The actual talk lasted 20 minutes and the rest of the hour-long session was given over to a Q&A session. Host Matthew Karnitschning asked McWhorter for examples of how CRT is poisoning Western society and shutting down the public discourses necessary for democracy and transparency to function. McWhorter gives the example of New York Times journalist Donald G McNeil Jr being sacked for uttering the word “nigger” to high school students on a trip to Peru in 2019, while discussing with them whether their classmate should have been punished for using the word in a video she made as a 12-year-old . He also refers to college courses, publications and other practices which treat black Americans as victims of oppression but end up patronising them and reinforcing the very racism and institutional discrimination that previous generations of black activists such as Martin Luther King had railed against. Other interesting issues Karnitschning raised include the phenomenon of “virtue signalling” in which people demonstrate they are “good” by calling out what they perceive as racial prejudice or discrimination against designated victim groups: in the earlier example of Donald G McNeil Jr, the people involved in “virtue signalling” were the students and their parents who reported him for using the N-word, and the NYT staff involved in his sacking.

McWhorter took questions from the audience which ranged from whether he saw parallels with the Cultural Revolution in China (1964 – 1976) – the only parallel he saw between that period and the current CRT scare is that in both, a minority of people denounced academic and other figures, and the majority sat on the sidelines, too scared to speak up – to a query challenging his assertion that CRT is a religion demanding faith and emotional investment over truth.

The session ended on a rather downbeat note as McWhorter outlined how he saw US society and US colleges and universities in particular continuing under the reign of CRT: in McWhorter’s opinion, these institutions will become more ideologically rigid, and alternative educational institutions and systems that meet more vocationally oriented needs or demands for education based on Enlightenment values will arise. The current trend of falling enrolments of white US men at college was noted but McWhorter believes factors other than CRT (such as college being increasingly overpriced, the burden of student debt and competition from online courses) are the issue.

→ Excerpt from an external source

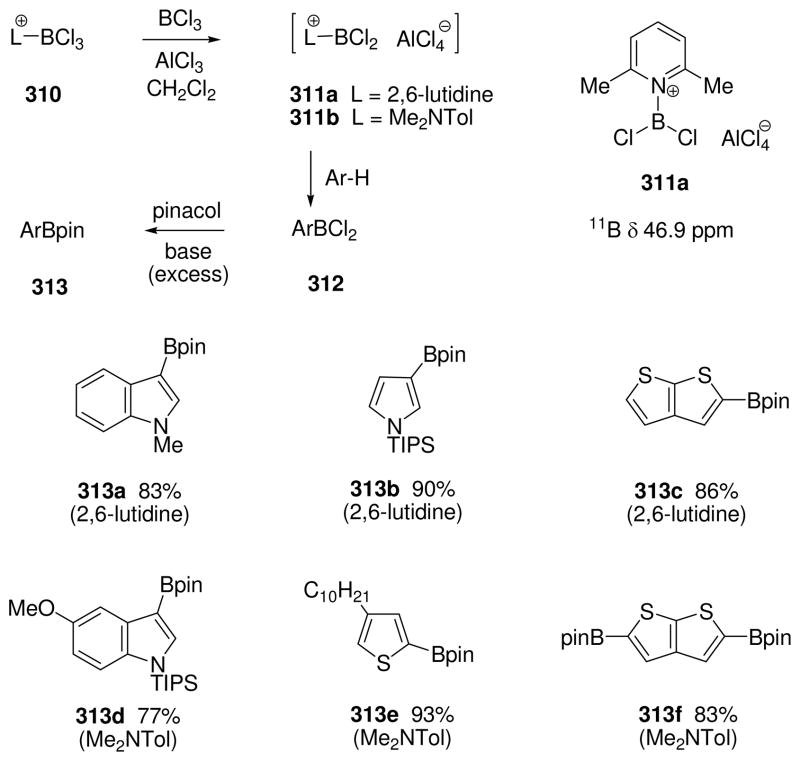 Scheme 24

Strangely during the session no-one including McWhorter thought to mention if the way education systems in the US and other Western nations have been designed and allowed to develop, with private schools, colleges and universities lavished with funding at the expense of their state-funded equivalents, has played any role in birthing CRT. Indeed, the class-based hierarchical nature of Western societies in which privatisation of what should be public institutions, and that privatisation denying large segments of the general public access to education that would encourage critical thinking, logic, use of the scientific method and exposure to alternate and diverse ways of thinking and expression – which Karl Marx identified as the scourge of Western civilisation in his time – can be seen as the petri dish in which CRT and other ideologies enabling the bourgeois classes to view themselves as championing the poor and disadvantaged, or particular sections of the poor and disadvantaged, have arisen and flourished.

The most impressive part of the session is where McWhorter nailed the essence of CRT: perceiving every relationship as being based on differences in the power wielded by the people involved in the relationship, and making those power differences the core issue of every endeavour in Western society. The first 20 minutes of the session are worth repeated viewings, the Q&A session not so much so.